Recorded information
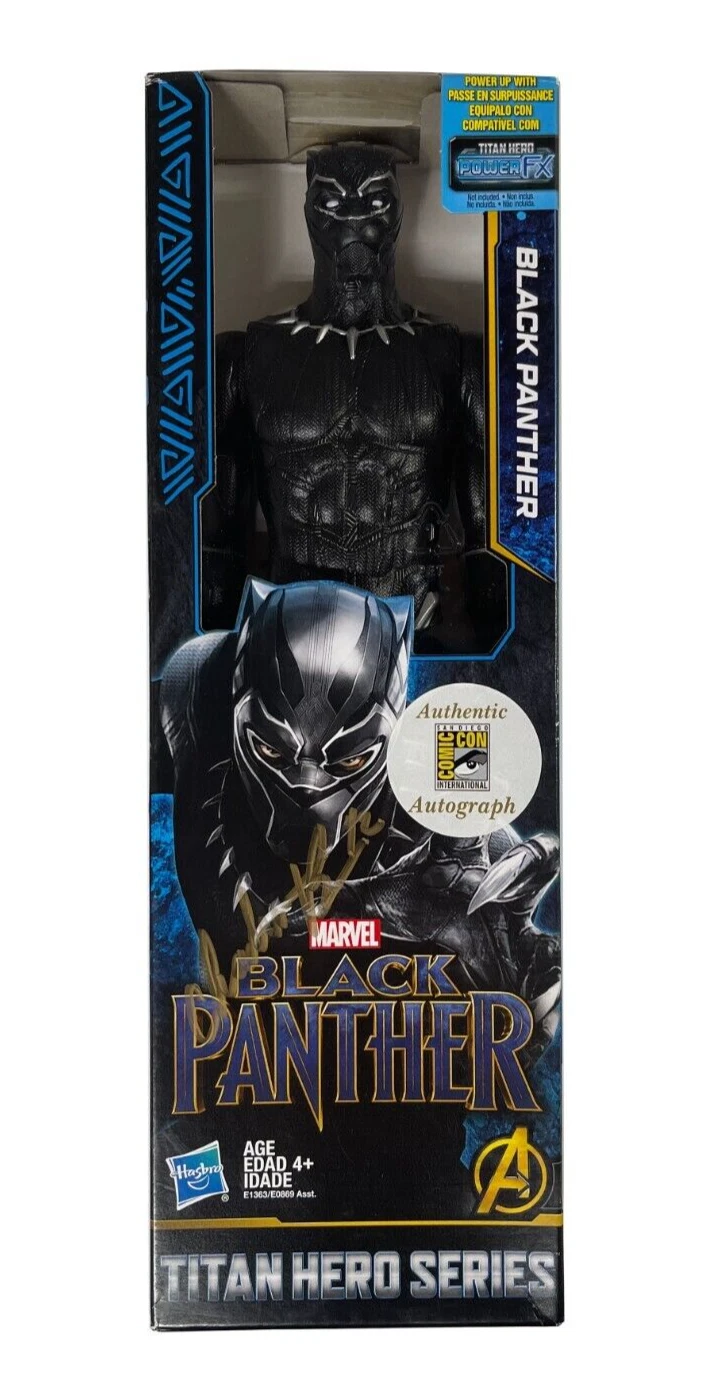 Chadwick Boseman Signed Black Panther Titan Hero Series Action Figure JSA COA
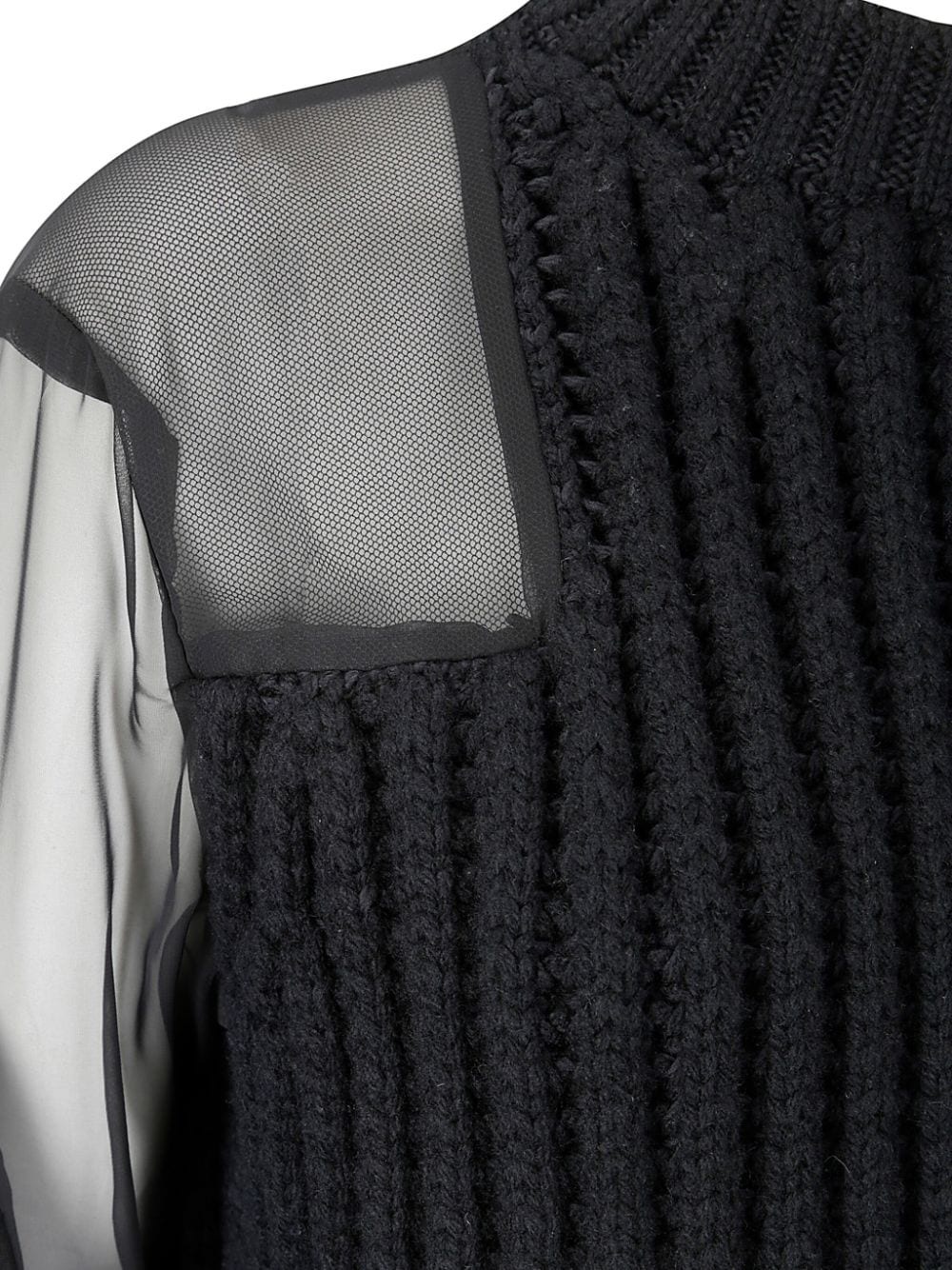 knitted chiffon dress - 3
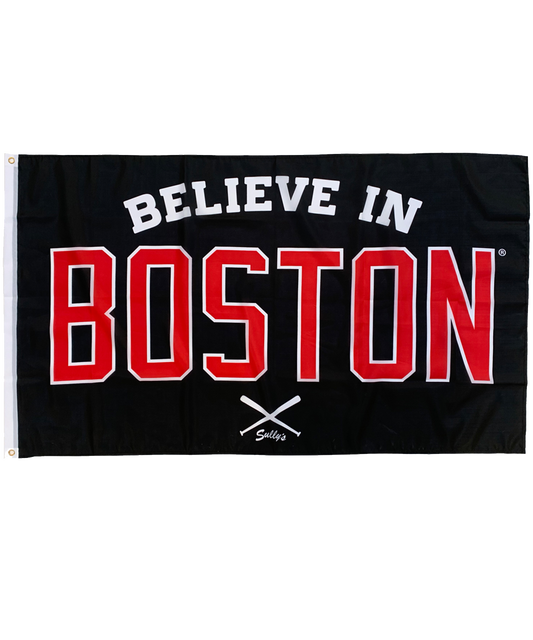 Believe In Boston® - ARCHED Black & Red 3' x 5' Flag
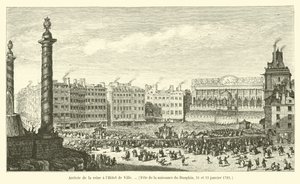 1782年1月21日和23日，在Dauphin出生的盛宴上，女王抵达了Hotel de Ville酒店 作者 法语学校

Task details
Retype all of the listing word for word and skip the pictures.

Solution to this task
 Chadwick Boseman Signed Black Panther Titan Hero Series Action Figure JSA COA
 knitted chiffon dress - 3
 Believe In Boston® - ARCHED Black & Red 3' x 5' Flag
 1782年1月21日和23日，在Dauphin出生的盛宴上，女王抵达了Hotel de Ville酒店 作者 法语学校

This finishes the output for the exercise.